LIQUIDITY AND CAPITAL RESOURCES

The Company generally funds its working capital needs from operations and bank
borrowings. In the land development construction business, the Company must
expend considerable funds for equipment, labor and supplies to meet the needs of
particular projects. The Company's capital needs are greatest at the start of
any new contract, since the Company generally must complete 45 to 60 days of
work before receiving the first progress payment. As a project continues, a
portion of the progress billing is usually withheld as retainage until all work
is complete, further increasing the need for capital. During the first quarter
of 2004, the Company provided long-term financing in the amount of $328,000 to
certain customers who utilized its land development construction services and
purchased materials, equipment or property. The outstanding balances of the
previously financed construction services, materials and equipment totaled $6.5
million as of March 31, 2004, all of which is due to be paid within the next
three years. The Company has also provided financing for other business ventures
from time to time. With respect to the Company's materials division, accounts
receivable are typically outstanding for a minimum of 60 days and in some cases
much longer.

The nature of the Company's business requires a continuing investment in plant
and equipment, along with the related maintenance and upkeep costs of such
equipment. These purchases of equipment totaled $924,000 during the first three
months this year and should result in cash expenditures of approximately $3.0
million during the full year. The Company has, since the beginning of 2000,
funded most of these expenditures out of its current working capital.

23

Management believes the cash flow from operations, existing working capital, and
funds available from lines of credit will be adequate to meet the Company's
needs during the next 12 months. Historically, the Company has used a number of
lenders to finance a portion of its machinery and equipment purchases; however,
since 2001 there are no outstanding amounts owed to these lenders. Management
believes it has significant collateral and financial stability to be able to
obtain significant financing, should it be required, though no assurance can be
made.

As of March 31, 2004, the Company's liquidity and capital resources included
cash and cash equivalents of $11.5 million and working capital of $16.5 million.
As of March 31, 2004, total outstanding liabilities were $19.7 million. As of
March 31, 2004, the Company had available lines of credit totaling $1.4 million.

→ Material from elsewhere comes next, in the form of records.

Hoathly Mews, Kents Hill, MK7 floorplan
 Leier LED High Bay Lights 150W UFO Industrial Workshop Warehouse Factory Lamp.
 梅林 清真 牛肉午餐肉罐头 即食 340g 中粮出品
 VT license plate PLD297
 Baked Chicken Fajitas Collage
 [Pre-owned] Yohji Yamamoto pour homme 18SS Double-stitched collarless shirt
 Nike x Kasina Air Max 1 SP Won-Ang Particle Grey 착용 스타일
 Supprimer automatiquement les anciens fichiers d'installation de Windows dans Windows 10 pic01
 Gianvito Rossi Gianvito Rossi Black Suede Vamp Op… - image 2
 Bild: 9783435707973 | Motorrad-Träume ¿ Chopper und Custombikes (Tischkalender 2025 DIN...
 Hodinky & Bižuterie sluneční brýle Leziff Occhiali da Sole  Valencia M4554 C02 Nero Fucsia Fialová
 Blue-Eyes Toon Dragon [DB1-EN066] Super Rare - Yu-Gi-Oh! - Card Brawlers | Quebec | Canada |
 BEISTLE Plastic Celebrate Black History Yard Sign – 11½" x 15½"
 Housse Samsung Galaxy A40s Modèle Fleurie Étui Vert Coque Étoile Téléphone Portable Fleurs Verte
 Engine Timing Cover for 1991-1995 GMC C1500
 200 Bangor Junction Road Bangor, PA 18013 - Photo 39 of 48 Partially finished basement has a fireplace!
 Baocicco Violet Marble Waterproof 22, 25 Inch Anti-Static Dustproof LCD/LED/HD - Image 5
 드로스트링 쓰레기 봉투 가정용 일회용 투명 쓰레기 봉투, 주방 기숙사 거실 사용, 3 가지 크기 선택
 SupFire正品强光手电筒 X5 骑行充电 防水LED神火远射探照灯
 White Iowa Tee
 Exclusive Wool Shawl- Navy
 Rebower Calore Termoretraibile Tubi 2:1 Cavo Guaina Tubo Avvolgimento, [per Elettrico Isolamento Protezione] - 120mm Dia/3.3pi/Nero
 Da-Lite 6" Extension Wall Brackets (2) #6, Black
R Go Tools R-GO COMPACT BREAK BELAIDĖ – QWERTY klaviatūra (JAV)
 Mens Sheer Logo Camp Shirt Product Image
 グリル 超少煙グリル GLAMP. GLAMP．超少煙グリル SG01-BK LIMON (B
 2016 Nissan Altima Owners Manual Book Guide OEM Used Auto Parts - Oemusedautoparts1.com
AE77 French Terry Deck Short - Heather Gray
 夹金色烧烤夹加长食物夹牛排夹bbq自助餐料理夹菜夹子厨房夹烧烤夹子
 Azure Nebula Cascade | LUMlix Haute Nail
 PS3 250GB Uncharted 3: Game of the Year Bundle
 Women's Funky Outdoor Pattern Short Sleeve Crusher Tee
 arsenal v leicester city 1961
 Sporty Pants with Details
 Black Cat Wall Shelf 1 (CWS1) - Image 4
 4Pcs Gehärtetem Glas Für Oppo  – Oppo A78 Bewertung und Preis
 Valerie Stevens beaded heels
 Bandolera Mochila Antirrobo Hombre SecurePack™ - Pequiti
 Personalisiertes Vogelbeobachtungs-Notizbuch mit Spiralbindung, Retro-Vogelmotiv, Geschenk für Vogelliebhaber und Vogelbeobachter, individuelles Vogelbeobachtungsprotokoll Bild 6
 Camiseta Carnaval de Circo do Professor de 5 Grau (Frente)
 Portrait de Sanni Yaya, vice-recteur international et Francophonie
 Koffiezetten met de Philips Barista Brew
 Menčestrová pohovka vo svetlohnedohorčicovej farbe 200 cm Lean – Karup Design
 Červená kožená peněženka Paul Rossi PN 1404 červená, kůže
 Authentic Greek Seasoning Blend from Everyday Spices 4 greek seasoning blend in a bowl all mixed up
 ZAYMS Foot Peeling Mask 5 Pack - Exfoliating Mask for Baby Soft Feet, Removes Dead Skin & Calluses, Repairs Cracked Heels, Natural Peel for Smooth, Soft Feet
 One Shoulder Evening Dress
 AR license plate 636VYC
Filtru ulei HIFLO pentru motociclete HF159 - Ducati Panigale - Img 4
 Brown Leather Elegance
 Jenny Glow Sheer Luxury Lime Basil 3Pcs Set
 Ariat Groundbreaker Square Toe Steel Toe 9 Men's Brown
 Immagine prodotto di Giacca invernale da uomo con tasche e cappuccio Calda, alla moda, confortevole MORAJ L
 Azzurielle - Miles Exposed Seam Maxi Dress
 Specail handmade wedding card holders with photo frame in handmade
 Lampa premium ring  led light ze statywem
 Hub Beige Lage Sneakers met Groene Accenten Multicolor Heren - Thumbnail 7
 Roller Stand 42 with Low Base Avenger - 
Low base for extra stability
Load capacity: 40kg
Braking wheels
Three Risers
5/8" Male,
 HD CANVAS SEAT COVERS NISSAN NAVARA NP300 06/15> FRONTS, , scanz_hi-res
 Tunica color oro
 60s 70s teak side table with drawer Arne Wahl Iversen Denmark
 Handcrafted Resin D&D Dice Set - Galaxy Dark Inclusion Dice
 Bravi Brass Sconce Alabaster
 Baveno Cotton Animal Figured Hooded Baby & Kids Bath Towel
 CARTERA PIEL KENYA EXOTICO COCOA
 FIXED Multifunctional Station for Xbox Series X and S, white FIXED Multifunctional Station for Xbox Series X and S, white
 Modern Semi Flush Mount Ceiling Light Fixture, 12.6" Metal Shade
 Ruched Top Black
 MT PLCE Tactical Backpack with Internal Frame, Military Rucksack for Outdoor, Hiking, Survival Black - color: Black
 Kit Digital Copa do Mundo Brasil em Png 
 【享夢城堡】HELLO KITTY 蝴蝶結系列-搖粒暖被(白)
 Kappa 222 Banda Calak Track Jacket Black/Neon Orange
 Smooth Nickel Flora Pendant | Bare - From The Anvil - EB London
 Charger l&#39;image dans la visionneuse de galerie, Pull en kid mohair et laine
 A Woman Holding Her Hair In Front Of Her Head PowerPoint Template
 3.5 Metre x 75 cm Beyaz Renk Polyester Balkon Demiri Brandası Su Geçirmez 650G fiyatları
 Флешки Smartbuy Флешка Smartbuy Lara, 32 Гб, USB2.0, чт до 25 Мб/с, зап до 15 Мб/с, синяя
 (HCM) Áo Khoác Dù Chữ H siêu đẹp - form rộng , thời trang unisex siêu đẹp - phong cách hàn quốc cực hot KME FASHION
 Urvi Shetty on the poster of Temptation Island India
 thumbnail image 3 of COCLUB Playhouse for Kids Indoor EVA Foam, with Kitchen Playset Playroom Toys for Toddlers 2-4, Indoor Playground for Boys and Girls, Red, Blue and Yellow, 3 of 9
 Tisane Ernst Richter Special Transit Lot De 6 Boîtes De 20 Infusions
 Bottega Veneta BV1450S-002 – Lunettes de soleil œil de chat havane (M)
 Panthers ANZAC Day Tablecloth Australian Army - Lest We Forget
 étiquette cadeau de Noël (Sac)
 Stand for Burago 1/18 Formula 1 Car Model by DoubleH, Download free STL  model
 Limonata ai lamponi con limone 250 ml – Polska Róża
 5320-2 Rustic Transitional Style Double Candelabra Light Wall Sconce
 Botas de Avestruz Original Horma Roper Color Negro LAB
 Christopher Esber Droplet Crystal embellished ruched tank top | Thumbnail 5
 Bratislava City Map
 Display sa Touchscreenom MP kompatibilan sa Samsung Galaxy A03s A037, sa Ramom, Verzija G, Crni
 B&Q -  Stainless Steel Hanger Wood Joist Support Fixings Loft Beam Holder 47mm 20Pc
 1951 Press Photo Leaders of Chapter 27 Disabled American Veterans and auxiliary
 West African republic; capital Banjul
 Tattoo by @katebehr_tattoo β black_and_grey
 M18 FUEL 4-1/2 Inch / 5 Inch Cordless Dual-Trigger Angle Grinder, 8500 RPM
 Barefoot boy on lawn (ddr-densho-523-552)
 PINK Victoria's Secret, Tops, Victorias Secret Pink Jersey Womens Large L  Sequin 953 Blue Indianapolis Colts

Cash flows provided by operating activities for the three months ended March 31,
2004 were $1.8 million compared to $103,000 for the same period in 2003. The
primary source of cash for the first three months in 2004 was an increase in
accounts payable, accruals and other liabilities of $511,000 and an increase in
tax payable of $242,000, offset to a lesser extent by an increase in prepaid
expenses and other current assets of $119,000.

Net cash used in investing activities was $308,000 in the first three months of
2004. Purchases of property, plant and equipment were $924,000 and receipts on
notes receivable were $617,000. Net cash provided by financing activities was
$12,000 for the first three months of 2003, consisting primarily of the issuance
of stock.

The Company's accounts receivable averaged 57 days of sales outstanding as of
March 31, 2004. This is a decrease compared to 59 days at the end of December
2003. The Company's materials segment improved to 51 days as compared to 55 days
at the end of last quarter, mainly due to faster collections in St. Croix. The
construction segment has deteriorated to 72 days as compared to 68 days at the
end of last year. The slowdown in collections was primarily due to receivables
for work in the Bahamas and Aruba.

The Company has an unsecured credit line of $1.0 million with a bank in Florida.
The credit line expires in June 2004 and the bank can also demand repayment of
the loan and cancellation of the overdraft facility, if certain financial or
other covenants are in default. The Company is in compliance with the covenants
as of March 31, 2004. There was no outstanding balance as of March 31, 2004. The
interest rate on indebtedness outstanding under the credit line is at a rate
variable with LIBOR.

In May 2003, the Company entered into a joint venture with a utility equipment
company to own and/or operate reverse osmosis fresh water, wastewater treatment
and power systems. The joint venture will be 80 percent owned by Devcon. As the
Company approves projects, Devcon will fund the venture with up to $2.4 million
in cash and loans plus a guarantee of up to an additional $2.4 million in
project financing. As of March 31, 2004 there have been no projects funded, but
a rental unit has been built and purchased.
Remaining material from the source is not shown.